TASK PROMPT:
The required output is the exact run of lines from the one that contains "DIEGS ĶIR UZSŪC" to the end of the data, with every picture left out.

RECORD SET:
*** Block opens ***

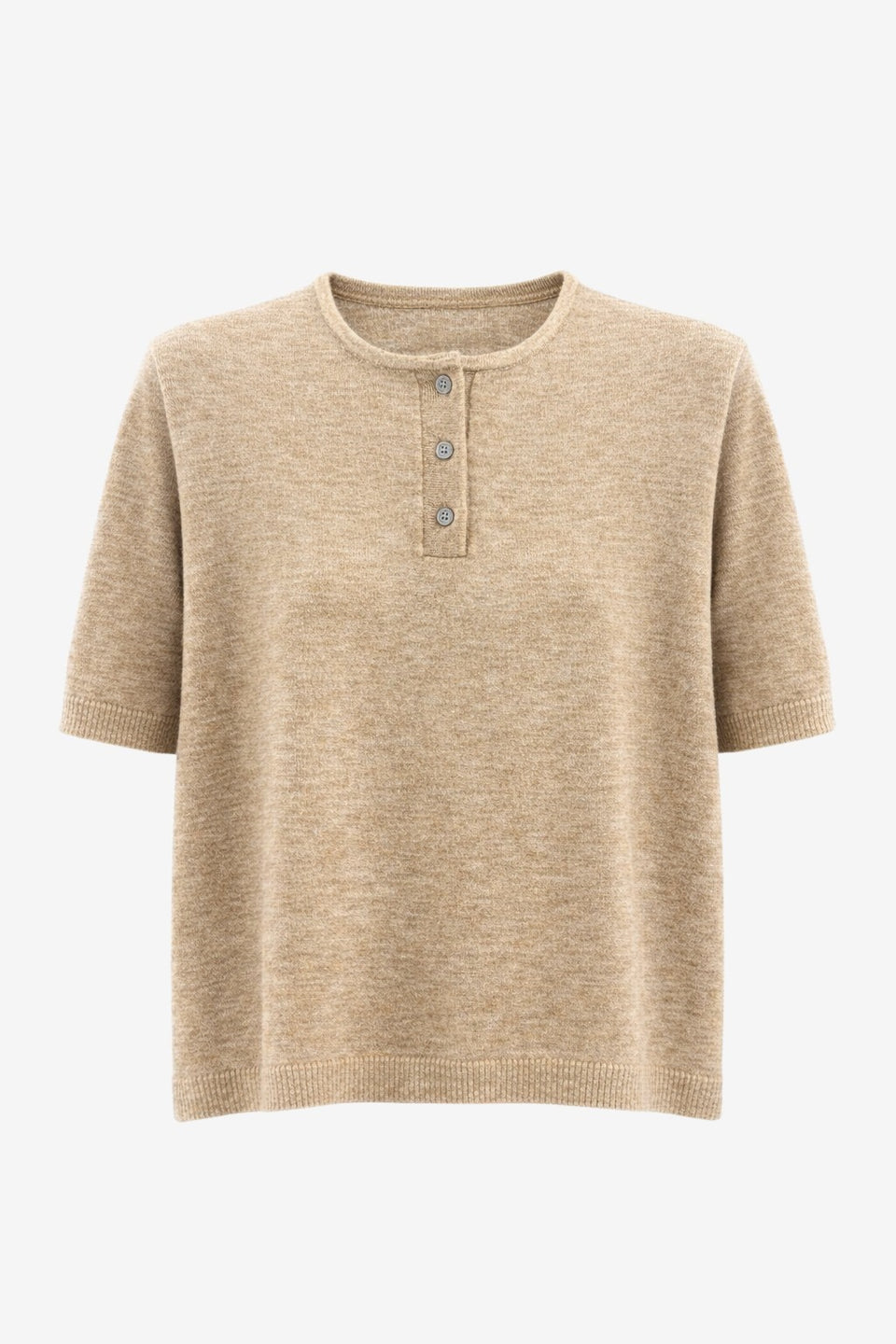 Moon plain knit top | Beige Melange
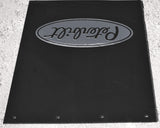 2-Mud Flaps for Peterbilt 24" x 30" Black Silver Logo Rubber Rib Back MPS-2430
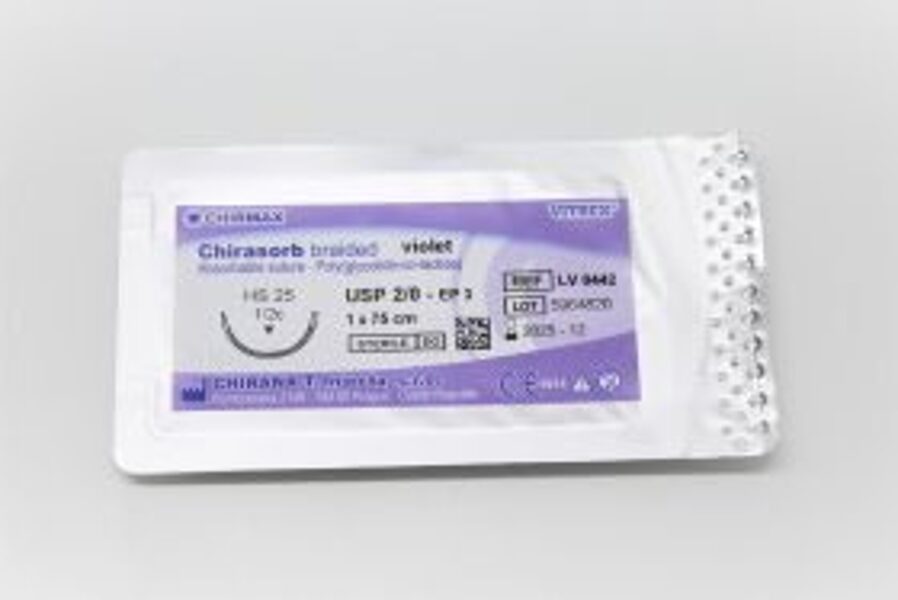 DIEGS ĶIR UZSŪC CHIRASORB HS25 2/0 75CM VITREX LV0442 VIOLETS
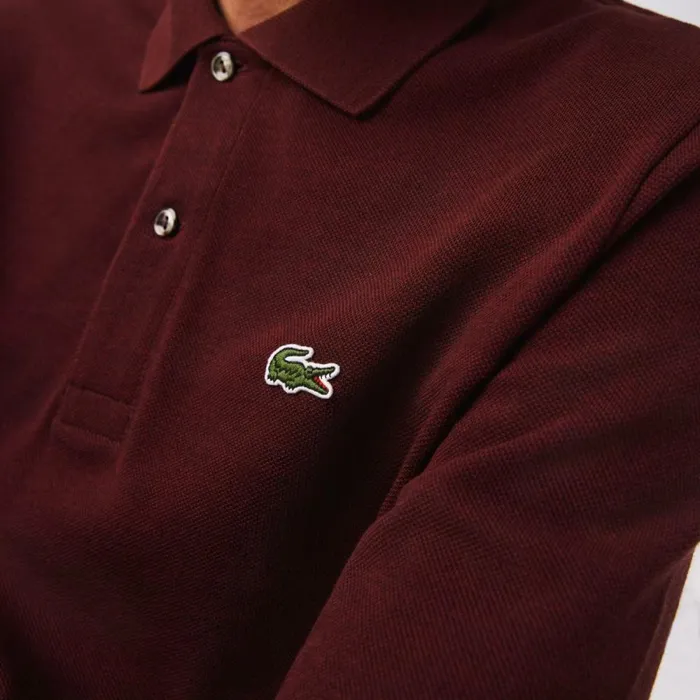 Polos Men Lacoste Men039s Long Sleeve Heathered Cotton Polo Dark Bordeaux Sxl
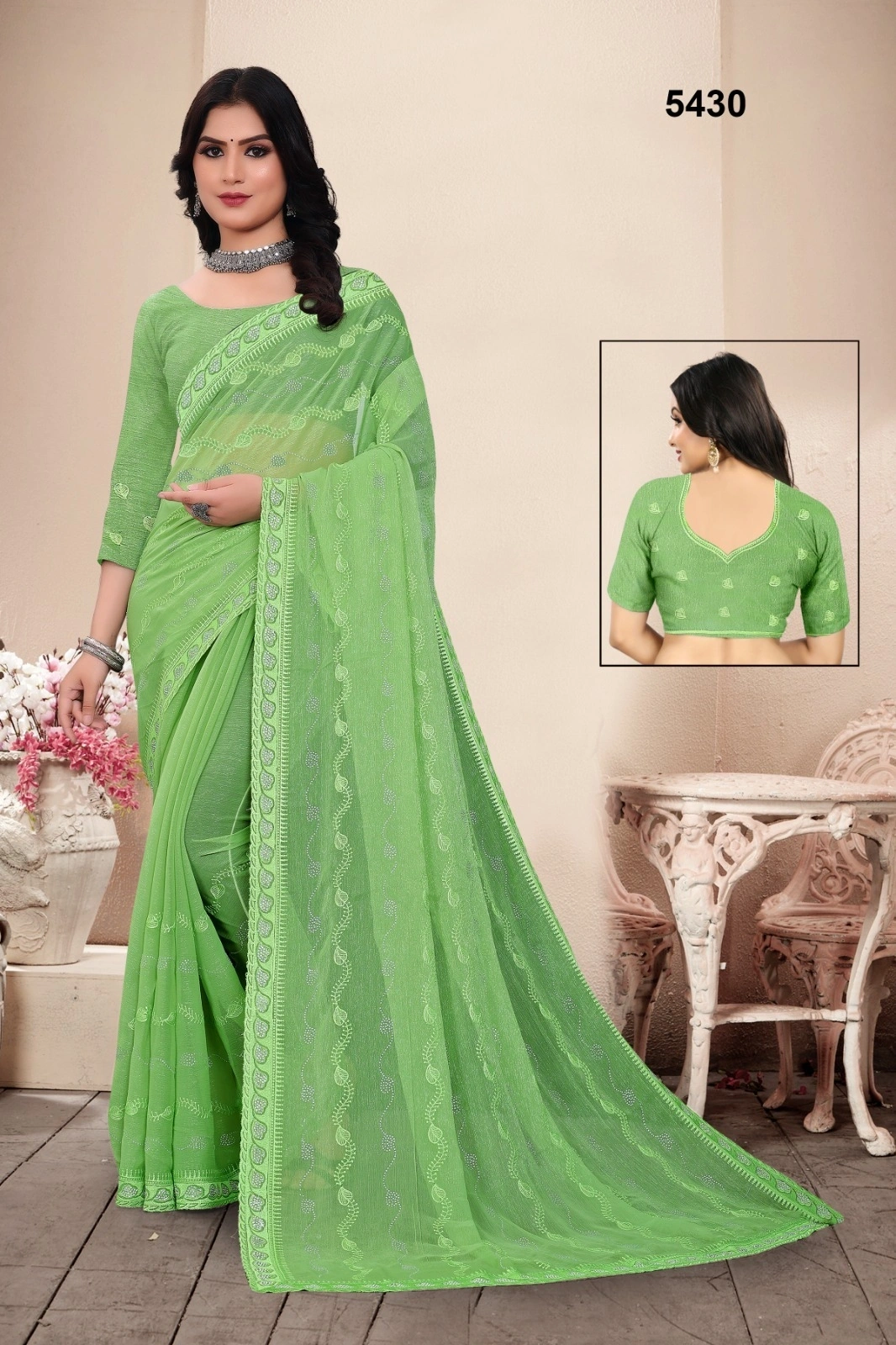 Heavy Thread Embroidered Saree with Swarovski Detailing-RSRM-5430-Pista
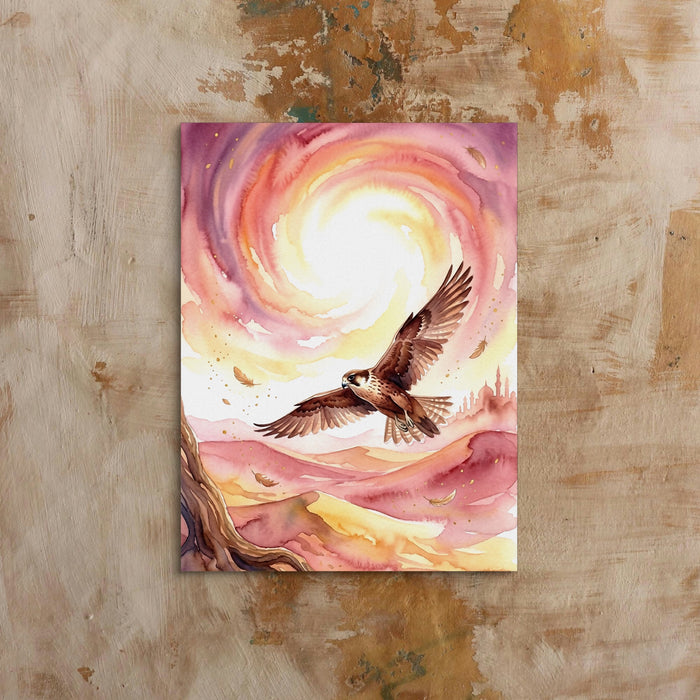 Desert Falcon Ascends — desert falcon ascends sq bed 1 clay beige 1port flush print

*** Block closes ***

COMPLETED TASK:
 DIEGS ĶIR UZSŪC CHIRASORB HS25 2/0 75CM VITREX LV0442 VIOLETS
 Polos Men Lacoste Men039s Long Sleeve Heathered Cotton Polo Dark Bordeaux Sxl
 Heavy Thread Embroidered Saree with Swarovski Detailing-RSRM-5430-Pista
 Desert Falcon Ascends — desert falcon ascends sq bed 1 clay beige 1port flush print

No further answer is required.